Although you might think it would be a nice idea if Frame regenerated all internally created markers during Update, there is at least one sound reason why it doesn't: conditional text.
In my present project, I generate two variants of the same manual for domestic and export. In many cases, either the leading term, if not an entire paragraph is conditional to locale A. Usually the leading term for locale B immediately follows the term A, or a para with condition B follows para A. But I want cross-references to be the same for both manuals, and I want to avoid having duplicate conditional Xrefs. So there are often two Heading2's at the same place, but only one marker, used by "See Heading2 on page" Xrefs all over the book.
When a cross reference to a conditional paragraph is created, Frame automatically inserts a marker at the start of para, and that marker automatically gets the condition code of the first letter of the first word. I have to reset these to unconditional, but because Frame never revists the marker definition, they stay unconditional, even after Update Book.
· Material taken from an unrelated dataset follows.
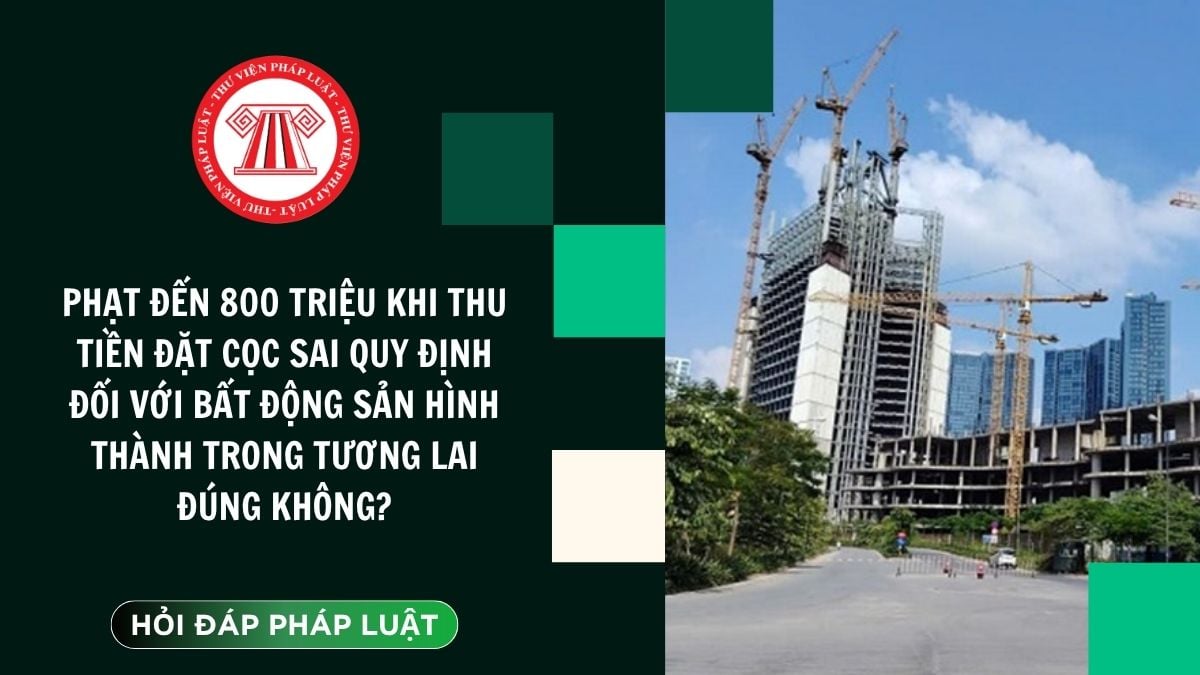 Hỏi đáp Pháp luật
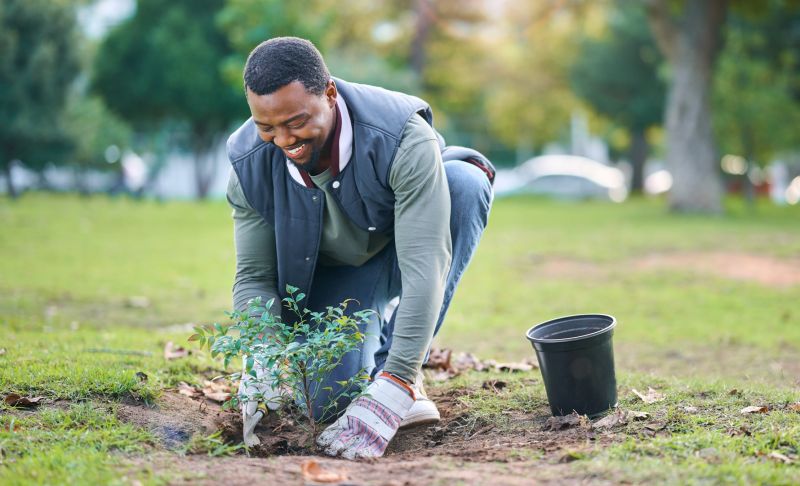 Shrub Planting Service in Ventura County, CA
If Frame were regenerating such markers, odds are it would re-apply the CC, thus causing unresolved Xrefs in one or both versions of the book.
Another reason to not regenerate is Xrefs from other documents. There are probably more reasons.
So even if you submit this as an enhancement request, chances are it won't get implemented. It would have to be a new Document Properties option, and off by default, because simply changing the behavior would break many documents upon next Update.